Namun apabila Wajib Pajak ternyata terlambatT Lmenyetorkan PPh Pasal 25 untuk Masa Pajak Juli 2009, yang baru disetorkannya pada tanggal 25 Agustus 2009 maka PPh Pasal 25 ini dianggap dilaporkan ke KPP pada tanggal 25 Agustus 2009. Hal ini berarti bahwa Wajib Pajak terlambat melaporkan PPh Pasal 25 Masa Pajak Juli 2009 tersebut, sehingga akan dikenakan sanksi administrasi berupa denda sebesar Rp 100.000,00.

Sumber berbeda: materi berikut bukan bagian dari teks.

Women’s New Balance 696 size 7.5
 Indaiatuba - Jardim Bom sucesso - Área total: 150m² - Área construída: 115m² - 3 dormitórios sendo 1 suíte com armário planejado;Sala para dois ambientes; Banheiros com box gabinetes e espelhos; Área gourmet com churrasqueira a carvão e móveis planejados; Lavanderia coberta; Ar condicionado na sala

Yang menjadi pertanyaan adalah bagaimanakah ketentuan mengenai pelaporan PPh Pasal 25 bagi Wajib Pajak yang setoran PPh Pasal 25-nya adalah nihil. Dalam Pasal 4 ayat (2) Peraturan Direktur Jenderal Pajak Nomor PER-22/PJ/2008 ditegaskan bahwa Wajib Pajak dengan jumlah angsuran PPh Pasal 25 Nihil atau angsuran PPh Pasal 25 dalam bentuk satuan mata uang selain rupiah atau yang melakukan pembayaran tidak secara on-line dan tidak mendapat validasi dengan NTPN, tetap harus menyampaikan Surat Pemberitahuan Masa PPh Pasal 25 sesuai dengan ketentuan yang berlaku, yaitu melaporkan SSP PPh Pasal 25 Lembar ketiga ini ke KPP tempat Wajib Pajak tersebut terdaftar.
Perlu diperhatikan bagi para Wajib Pajak, bagaimanakah ciri-ciri bahwa Bank Persepsi atau Kantor Pos dan Giro tempat Wajib Pajak menyetorkan pajaknya tersebut telah on-line Sistem Perbendaharaan dan Anggaran Negara. Langkah paling mudah yang dapat dilakukan oleh Wajib Pajak adalah menanyakan ke tempat Wajib Pajak menyetorkan pajaknya tersebut, apakah sistem penerimaan pajak mereka telah on-line dengan sistem Perbendaharaan dan Anggaran Negara. Selain itu, Wajib Pajak dapat meneliti sendiri apakah pembayaran pajaknya tersebut telah tercatat ke dalam Sistem Perbendaharaan dan Anggaran Negara secara langsung (on-line) dengan melihat tanda validasi pembayaran yang diberikan oleh Bank Persepsi atau Kantor Pos dan Giro apakah terdapat Nomor Transaksi Penerimaan Negara (NTPN). NTPN ini adalah suatu baris angka yang terdiri dari 16 digit. Pada beberapa Bank Persepsi (pengalaman penulis di Bank Mandiri dan BNI 46) serta di Kantor Pos dan Giro, Wajib Pajak akan diberikan 1 (satu) lembar tersendiri hasil cetakan dari tempat penerima pembayaran tersebut yang berisi identitas pembayar, jenis dan jumlah pajak yang dibayar serta terdapat NTPN yang dituliskan secara jelas.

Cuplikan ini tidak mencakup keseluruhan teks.